* Problem to solve:
In the material below, find the line with "NORTH STAR YACHT CLUB - Residential"; set down that line and every line after it to the end, exactly, without pictures.

========

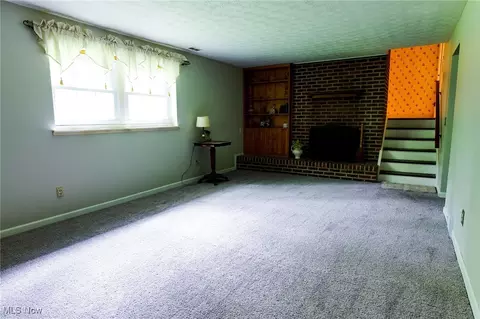 Living - 8266 Steeplechase Dr, Mentor, OH 44060 photo 8 of 8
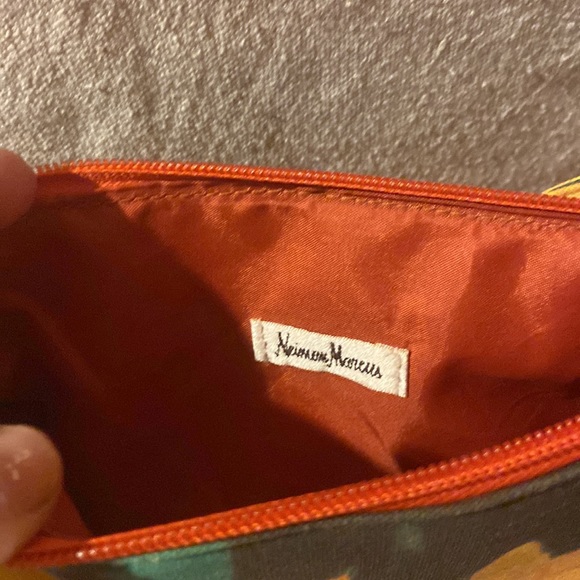 Neiman-Marcus butterfly bag NEW IN BOX - Picture 3 of 5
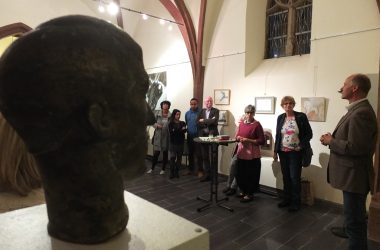 "Zusammenspiel": Künstler aus der Region stellen in Kulturkapelle Krewinkel aus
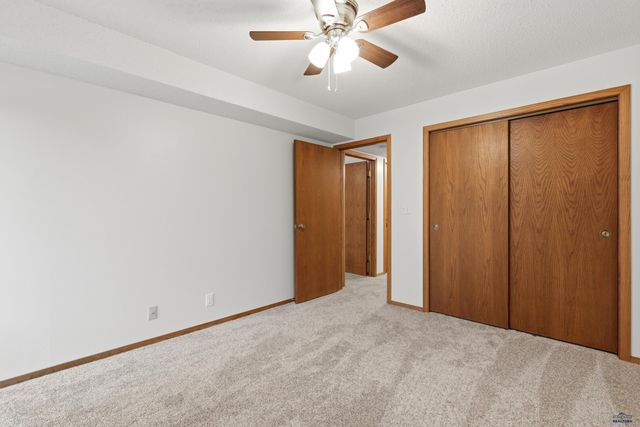 3964 FAIRWAY HILLS DR, Rapid City, SD 57702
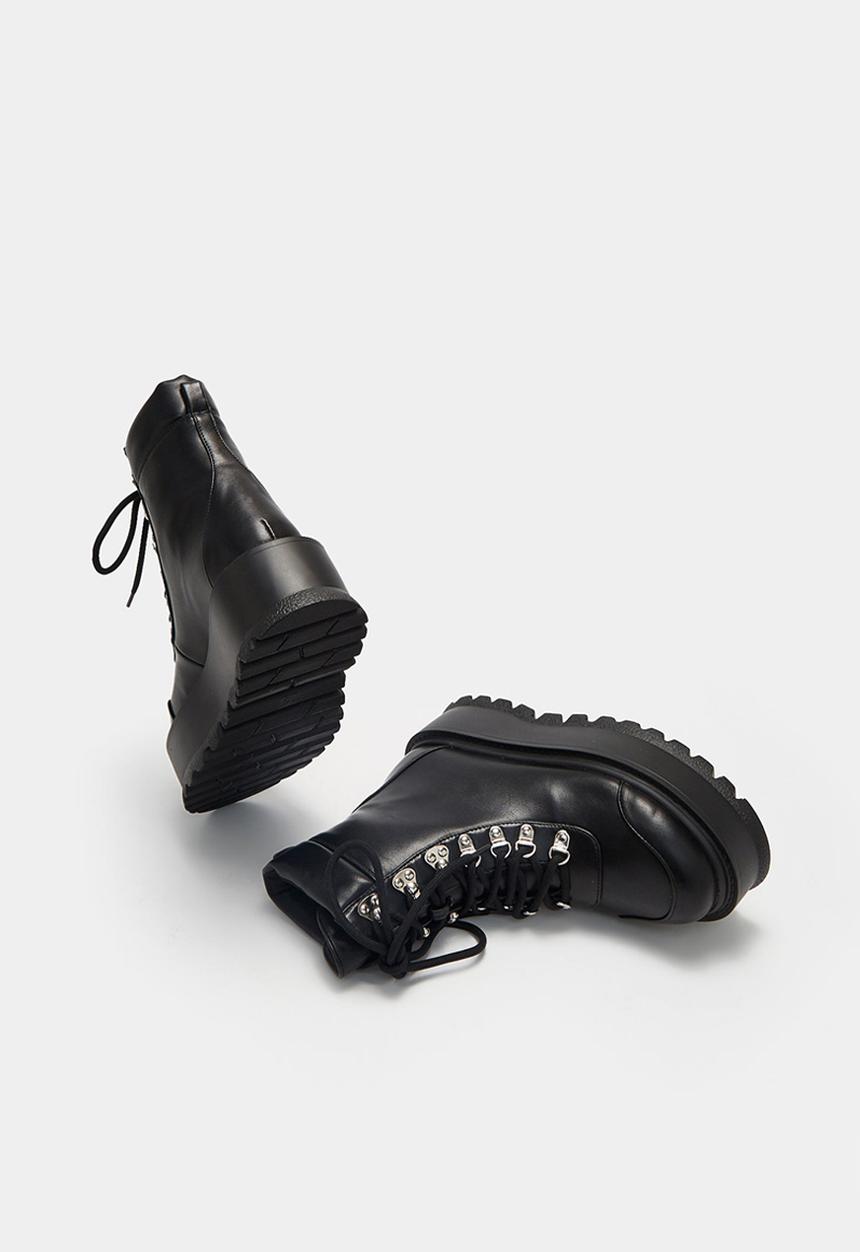 Koi Footwear - Hydra matrix platform boot - black
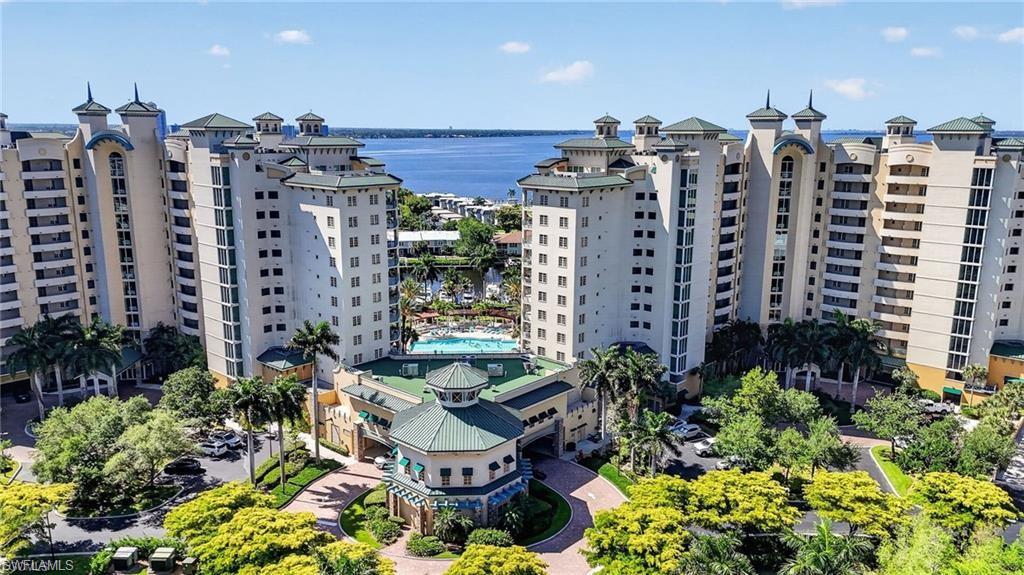 NORTH STAR YACHT CLUB - Residential
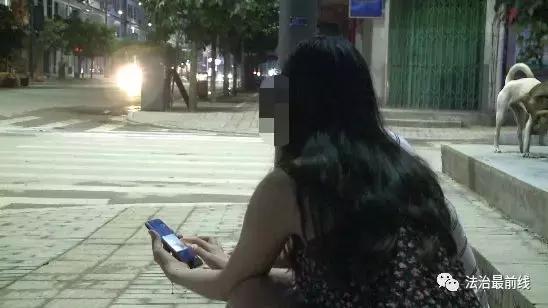 一女子在女浴室偷拍被抓现行,桂林某景区摄像头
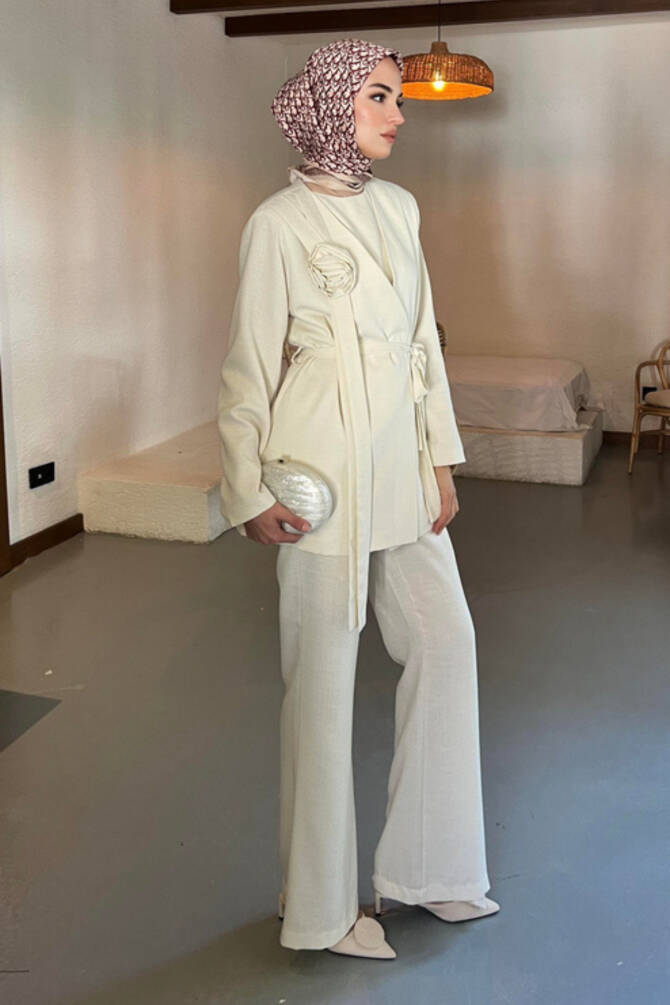 Bej Rengi Belden Bağlamalı Gül Detaylı Tesettür Ceket-Pantolon Takımı - 3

========

* Exercise output:
 NORTH STAR YACHT CLUB - Residential
 一女子在女浴室偷拍被抓现行,桂林某景区摄像头
 Bej Rengi Belden Bağlamalı Gül Detaylı Tesettür Ceket-Pantolon Takımı - 3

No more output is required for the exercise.